**EXERCISE INPUTS**:

-=-=-=-=-

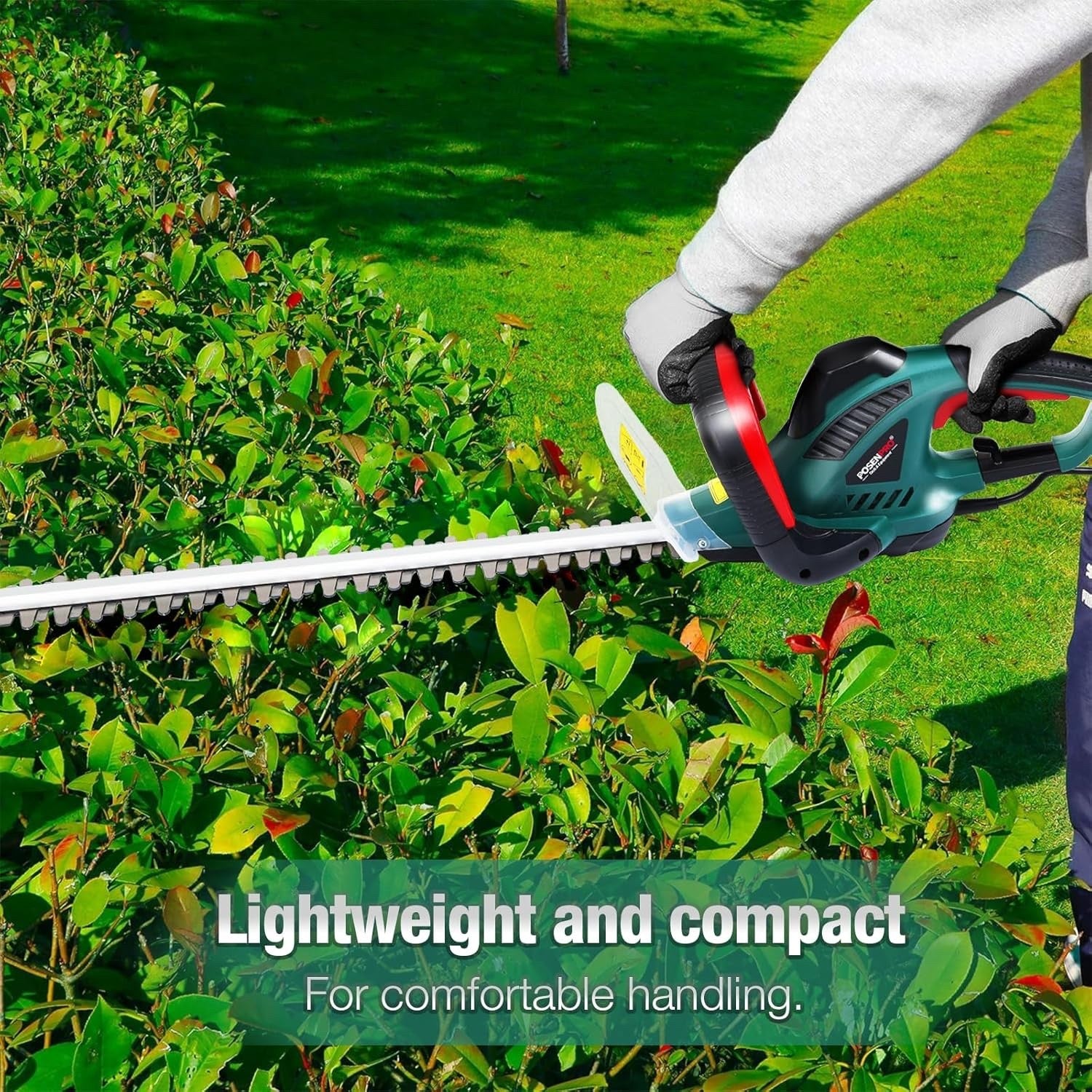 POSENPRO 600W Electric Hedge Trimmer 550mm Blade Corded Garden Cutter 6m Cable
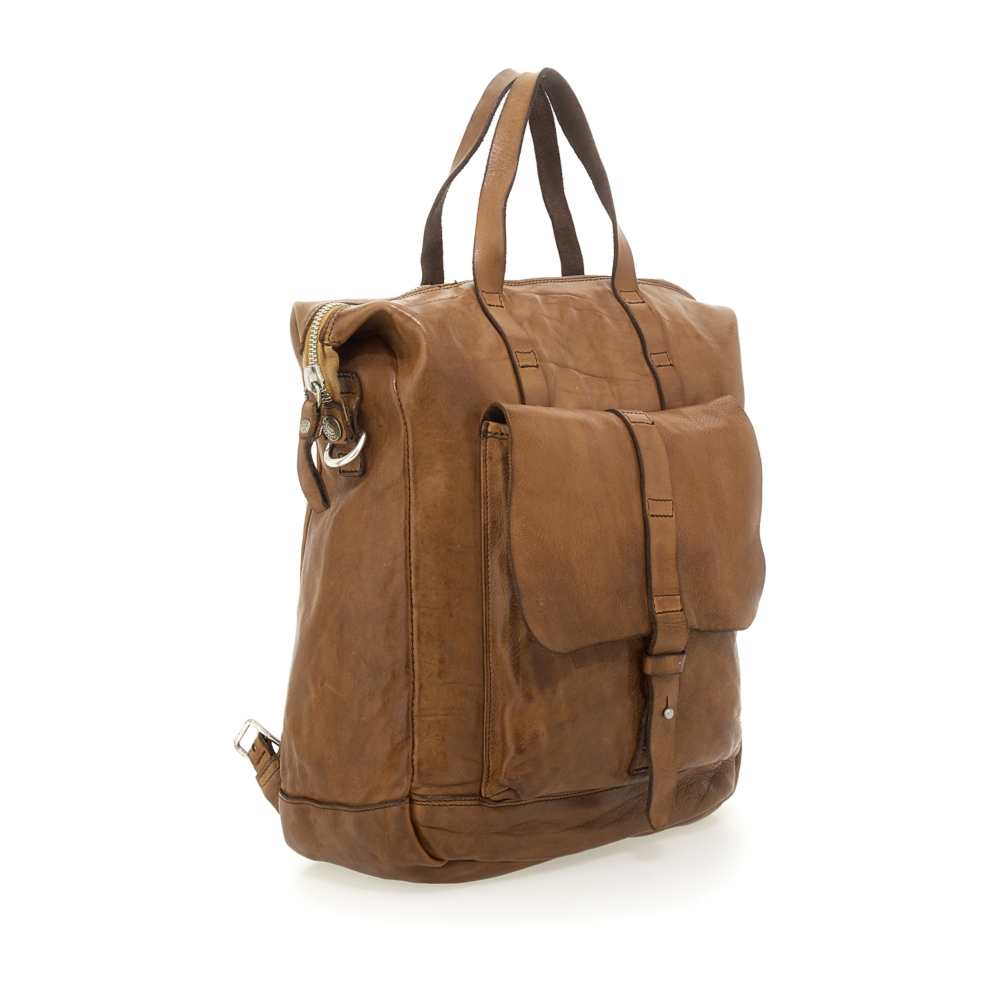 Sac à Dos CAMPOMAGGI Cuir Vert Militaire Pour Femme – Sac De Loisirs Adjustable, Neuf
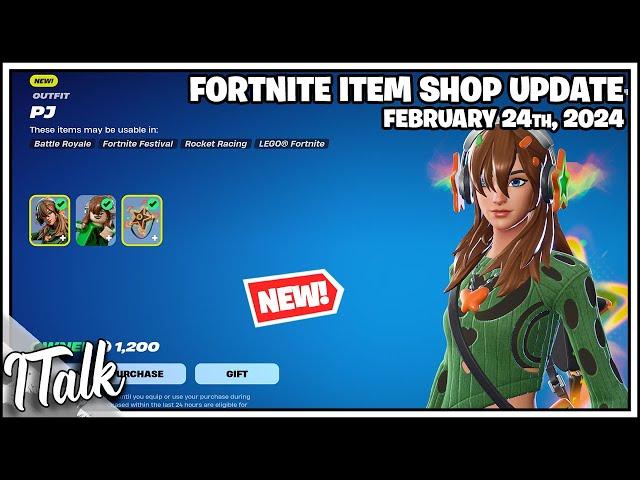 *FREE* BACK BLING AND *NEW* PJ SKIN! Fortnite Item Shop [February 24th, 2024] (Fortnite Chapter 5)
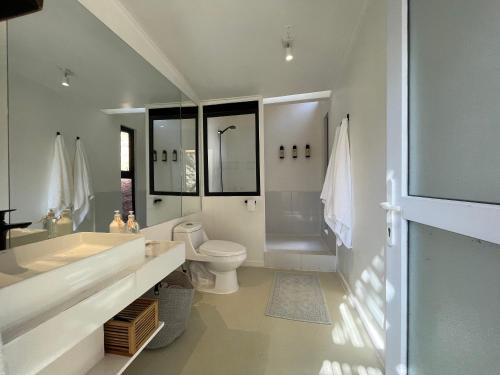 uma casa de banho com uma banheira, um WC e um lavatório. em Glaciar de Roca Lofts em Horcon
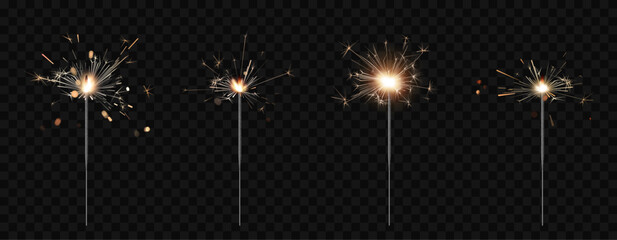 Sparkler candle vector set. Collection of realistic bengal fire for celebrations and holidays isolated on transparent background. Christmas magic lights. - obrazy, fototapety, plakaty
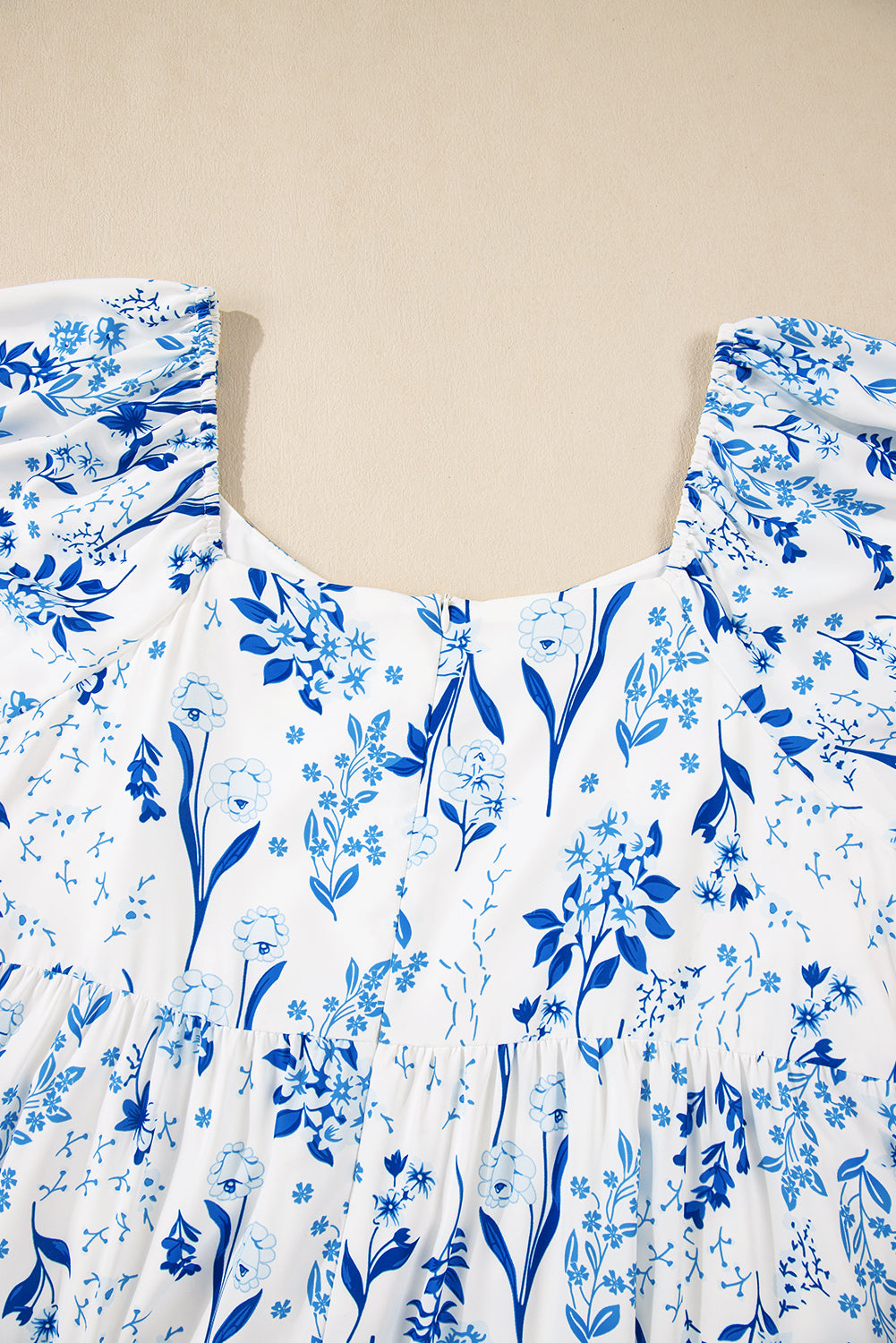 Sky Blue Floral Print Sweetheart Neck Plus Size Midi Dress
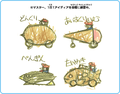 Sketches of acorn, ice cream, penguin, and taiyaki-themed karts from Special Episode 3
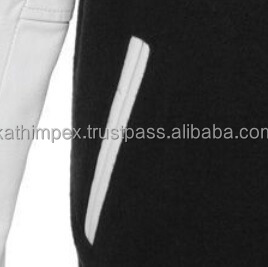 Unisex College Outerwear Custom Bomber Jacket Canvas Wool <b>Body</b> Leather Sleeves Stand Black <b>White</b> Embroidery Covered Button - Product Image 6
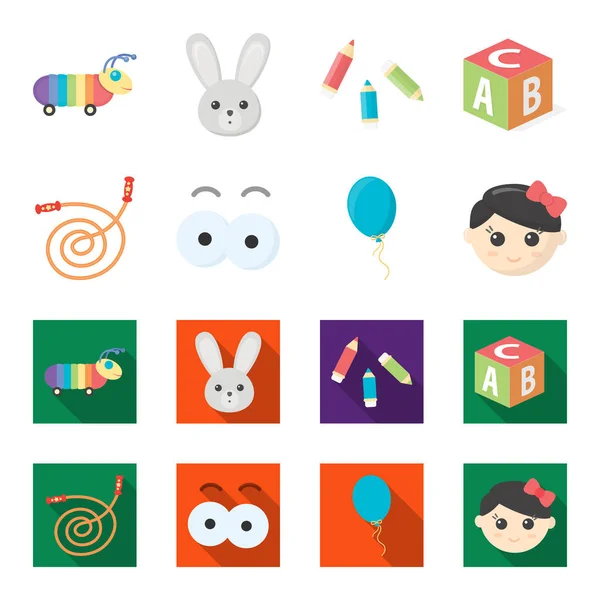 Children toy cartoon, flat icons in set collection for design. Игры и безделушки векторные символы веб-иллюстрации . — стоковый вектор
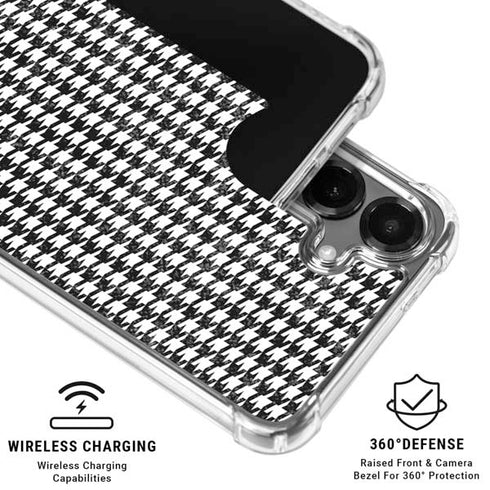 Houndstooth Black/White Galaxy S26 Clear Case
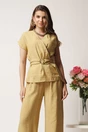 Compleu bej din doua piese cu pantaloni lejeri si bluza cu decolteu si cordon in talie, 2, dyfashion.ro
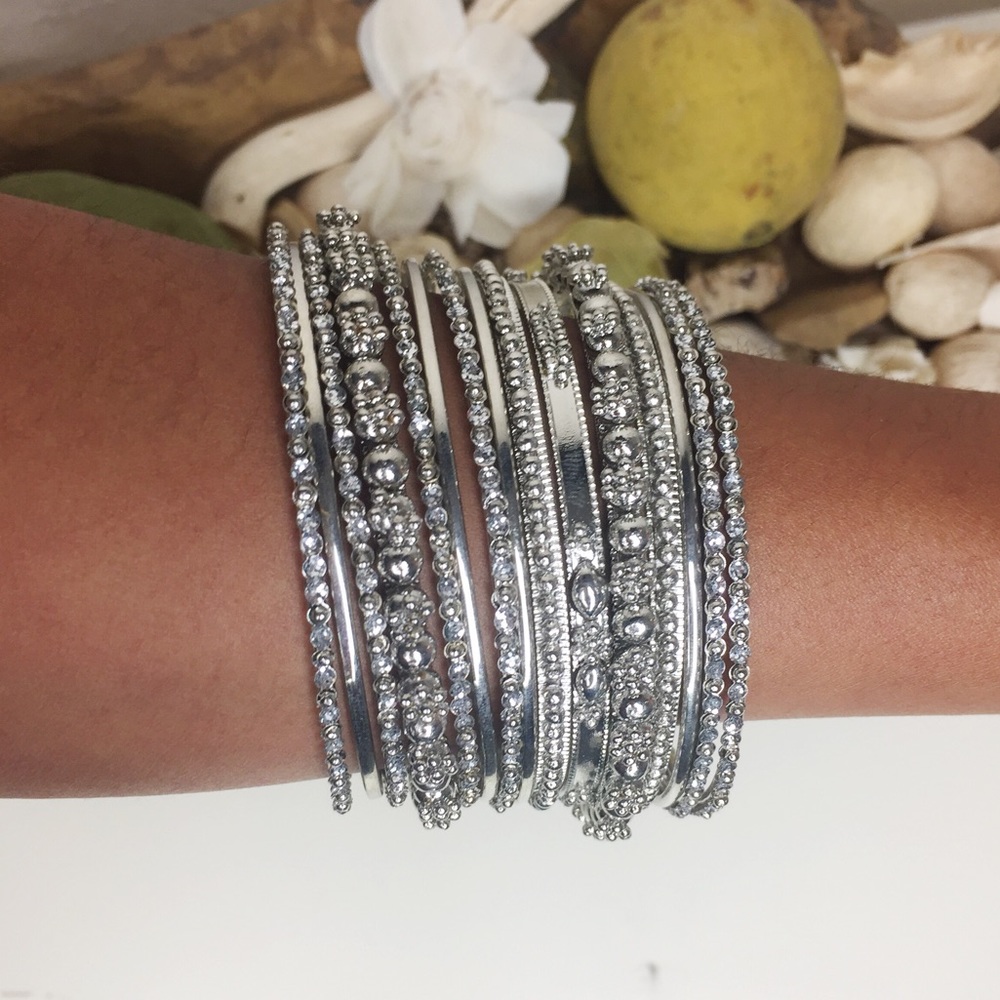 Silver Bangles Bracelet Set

-=-=-=-=-

**TASK STATEMENT**:
Skip the pictures, then write out every entry exactly.

**EXERCISE ANSWER**:
 POSENPRO 600W Electric Hedge Trimmer 550mm Blade Corded Garden Cutter 6m Cable
 Sac à Dos CAMPOMAGGI Cuir Vert Militaire Pour Femme – Sac De Loisirs Adjustable, Neuf
 *FREE* BACK BLING AND *NEW* PJ SKIN! Fortnite Item Shop [February 24th, 2024] (Fortnite Chapter 5)
 uma casa de banho com uma banheira, um WC e um lavatório. em Glaciar de Roca Lofts em Horcon
 Sparkler candle vector set. Collection of realistic bengal fire for celebrations and holidays isolated on transparent background. Christmas magic lights. - obrazy, fototapety, plakaty
 Sky Blue Floral Print Sweetheart Neck Plus Size Midi Dress
 Sketches of acorn, ice cream, penguin, and taiyaki-themed karts from Special Episode 3
 Unisex College Outerwear Custom Bomber Jacket Canvas Wool <b>Body</b> Leather Sleeves Stand Black <b>White</b> Embroidery Covered Button - Product Image 6
 Children toy cartoon, flat icons in set collection for design. Игры и безделушки векторные символы веб-иллюстрации . — стоковый вектор
 Houndstooth Black/White Galaxy S26 Clear Case
 Compleu bej din doua piese cu pantaloni lejeri si bluza cu decolteu si cordon in talie, 2, dyfashion.ro
 Silver Bangles Bracelet Set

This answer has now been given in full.